▶ Aim of the exercise
Find all lines with the word "Exterior" in the material, then copy them.

▶ Data under study

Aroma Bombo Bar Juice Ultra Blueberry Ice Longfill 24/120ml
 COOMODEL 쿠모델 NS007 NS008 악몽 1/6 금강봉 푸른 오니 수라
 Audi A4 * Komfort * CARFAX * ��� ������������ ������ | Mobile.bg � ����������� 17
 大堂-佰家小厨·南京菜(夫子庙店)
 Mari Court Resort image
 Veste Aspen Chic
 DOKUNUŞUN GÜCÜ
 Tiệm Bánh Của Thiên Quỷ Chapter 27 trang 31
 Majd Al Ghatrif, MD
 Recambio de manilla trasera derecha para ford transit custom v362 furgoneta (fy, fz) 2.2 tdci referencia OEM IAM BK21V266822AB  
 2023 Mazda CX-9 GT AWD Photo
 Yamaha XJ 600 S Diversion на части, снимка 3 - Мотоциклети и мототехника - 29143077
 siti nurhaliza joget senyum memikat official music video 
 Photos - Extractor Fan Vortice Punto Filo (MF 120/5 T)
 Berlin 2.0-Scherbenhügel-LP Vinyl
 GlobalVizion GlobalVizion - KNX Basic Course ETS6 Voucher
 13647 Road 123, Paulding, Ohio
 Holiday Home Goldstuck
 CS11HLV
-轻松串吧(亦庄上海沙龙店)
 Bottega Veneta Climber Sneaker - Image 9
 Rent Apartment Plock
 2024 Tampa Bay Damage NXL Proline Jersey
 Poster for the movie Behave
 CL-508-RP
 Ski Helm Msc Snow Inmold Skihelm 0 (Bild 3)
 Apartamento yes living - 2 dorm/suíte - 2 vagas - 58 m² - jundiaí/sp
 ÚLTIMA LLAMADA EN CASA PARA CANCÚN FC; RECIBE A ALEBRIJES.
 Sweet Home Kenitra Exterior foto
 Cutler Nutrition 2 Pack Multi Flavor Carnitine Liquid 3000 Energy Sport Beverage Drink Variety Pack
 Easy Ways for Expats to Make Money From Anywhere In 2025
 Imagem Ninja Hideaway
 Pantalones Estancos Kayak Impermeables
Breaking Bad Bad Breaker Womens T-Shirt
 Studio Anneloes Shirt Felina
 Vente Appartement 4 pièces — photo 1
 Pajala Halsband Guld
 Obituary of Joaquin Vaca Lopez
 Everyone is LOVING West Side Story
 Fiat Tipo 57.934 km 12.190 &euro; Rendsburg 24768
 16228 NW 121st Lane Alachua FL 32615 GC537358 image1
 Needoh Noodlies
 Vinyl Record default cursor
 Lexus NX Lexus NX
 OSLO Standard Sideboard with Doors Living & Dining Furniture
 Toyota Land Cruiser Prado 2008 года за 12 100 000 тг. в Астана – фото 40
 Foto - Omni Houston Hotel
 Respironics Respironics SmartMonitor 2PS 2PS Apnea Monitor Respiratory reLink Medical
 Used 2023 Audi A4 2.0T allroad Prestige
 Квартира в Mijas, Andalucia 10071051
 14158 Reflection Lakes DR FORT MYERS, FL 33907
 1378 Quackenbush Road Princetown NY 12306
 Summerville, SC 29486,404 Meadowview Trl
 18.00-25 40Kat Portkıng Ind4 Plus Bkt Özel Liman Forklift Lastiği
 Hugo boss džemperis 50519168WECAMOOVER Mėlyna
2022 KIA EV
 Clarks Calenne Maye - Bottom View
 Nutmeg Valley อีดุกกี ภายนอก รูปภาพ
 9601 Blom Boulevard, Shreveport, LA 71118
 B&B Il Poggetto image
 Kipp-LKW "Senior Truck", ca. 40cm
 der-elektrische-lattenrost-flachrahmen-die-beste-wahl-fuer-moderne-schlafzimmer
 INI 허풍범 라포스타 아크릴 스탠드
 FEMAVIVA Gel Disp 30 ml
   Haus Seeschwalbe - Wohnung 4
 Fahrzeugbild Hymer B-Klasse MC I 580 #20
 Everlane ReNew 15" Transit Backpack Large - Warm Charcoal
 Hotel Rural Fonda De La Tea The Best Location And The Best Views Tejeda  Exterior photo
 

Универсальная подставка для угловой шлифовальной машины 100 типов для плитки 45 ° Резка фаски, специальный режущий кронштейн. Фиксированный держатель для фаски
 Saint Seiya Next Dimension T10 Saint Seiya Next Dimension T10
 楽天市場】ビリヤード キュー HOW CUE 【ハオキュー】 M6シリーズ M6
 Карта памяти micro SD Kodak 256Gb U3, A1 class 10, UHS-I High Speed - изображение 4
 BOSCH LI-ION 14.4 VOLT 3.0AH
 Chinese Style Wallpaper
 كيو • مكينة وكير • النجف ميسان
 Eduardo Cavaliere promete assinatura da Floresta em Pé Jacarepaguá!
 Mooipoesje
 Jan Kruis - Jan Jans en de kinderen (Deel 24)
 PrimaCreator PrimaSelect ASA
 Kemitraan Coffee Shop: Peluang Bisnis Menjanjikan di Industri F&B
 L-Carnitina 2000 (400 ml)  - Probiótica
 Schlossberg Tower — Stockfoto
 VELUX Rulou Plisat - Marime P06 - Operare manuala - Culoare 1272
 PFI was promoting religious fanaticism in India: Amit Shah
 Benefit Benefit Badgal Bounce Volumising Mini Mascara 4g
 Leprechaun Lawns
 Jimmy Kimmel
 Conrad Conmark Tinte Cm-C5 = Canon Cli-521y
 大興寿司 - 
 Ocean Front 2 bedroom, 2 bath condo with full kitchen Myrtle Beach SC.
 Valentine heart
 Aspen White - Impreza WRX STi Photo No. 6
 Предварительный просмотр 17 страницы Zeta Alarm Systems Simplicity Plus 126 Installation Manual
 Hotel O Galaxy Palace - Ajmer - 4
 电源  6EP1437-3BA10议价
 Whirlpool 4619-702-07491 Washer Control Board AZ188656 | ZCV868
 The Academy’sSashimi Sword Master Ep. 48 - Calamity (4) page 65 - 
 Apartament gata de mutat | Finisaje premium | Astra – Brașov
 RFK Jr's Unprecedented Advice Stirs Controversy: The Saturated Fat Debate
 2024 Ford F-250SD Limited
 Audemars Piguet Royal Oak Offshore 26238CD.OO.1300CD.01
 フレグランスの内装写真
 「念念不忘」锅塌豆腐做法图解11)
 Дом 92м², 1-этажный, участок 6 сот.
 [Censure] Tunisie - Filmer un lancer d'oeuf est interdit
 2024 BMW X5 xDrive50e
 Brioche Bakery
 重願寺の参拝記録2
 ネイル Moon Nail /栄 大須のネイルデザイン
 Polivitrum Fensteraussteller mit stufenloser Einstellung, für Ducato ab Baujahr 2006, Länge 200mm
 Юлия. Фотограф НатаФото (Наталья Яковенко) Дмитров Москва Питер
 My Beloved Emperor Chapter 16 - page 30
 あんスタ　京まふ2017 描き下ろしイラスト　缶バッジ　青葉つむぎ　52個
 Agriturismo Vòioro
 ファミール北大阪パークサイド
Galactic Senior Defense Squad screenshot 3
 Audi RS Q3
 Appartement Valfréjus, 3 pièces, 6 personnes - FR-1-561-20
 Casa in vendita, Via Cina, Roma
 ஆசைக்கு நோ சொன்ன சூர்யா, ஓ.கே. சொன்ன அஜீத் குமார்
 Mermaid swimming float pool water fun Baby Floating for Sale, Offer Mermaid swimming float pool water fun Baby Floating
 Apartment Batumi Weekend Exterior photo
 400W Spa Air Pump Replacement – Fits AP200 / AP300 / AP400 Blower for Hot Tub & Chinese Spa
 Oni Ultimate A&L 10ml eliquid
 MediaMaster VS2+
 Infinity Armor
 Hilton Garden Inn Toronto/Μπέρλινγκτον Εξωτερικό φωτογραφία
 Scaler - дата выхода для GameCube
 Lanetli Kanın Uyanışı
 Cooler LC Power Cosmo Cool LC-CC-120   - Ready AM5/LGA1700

▶ Worked solution
 Sweet Home Kenitra Exterior foto
 Hotel Rural Fonda De La Tea The Best Location And The Best Views Tejeda  Exterior photo
 Apartment Batumi Weekend Exterior photo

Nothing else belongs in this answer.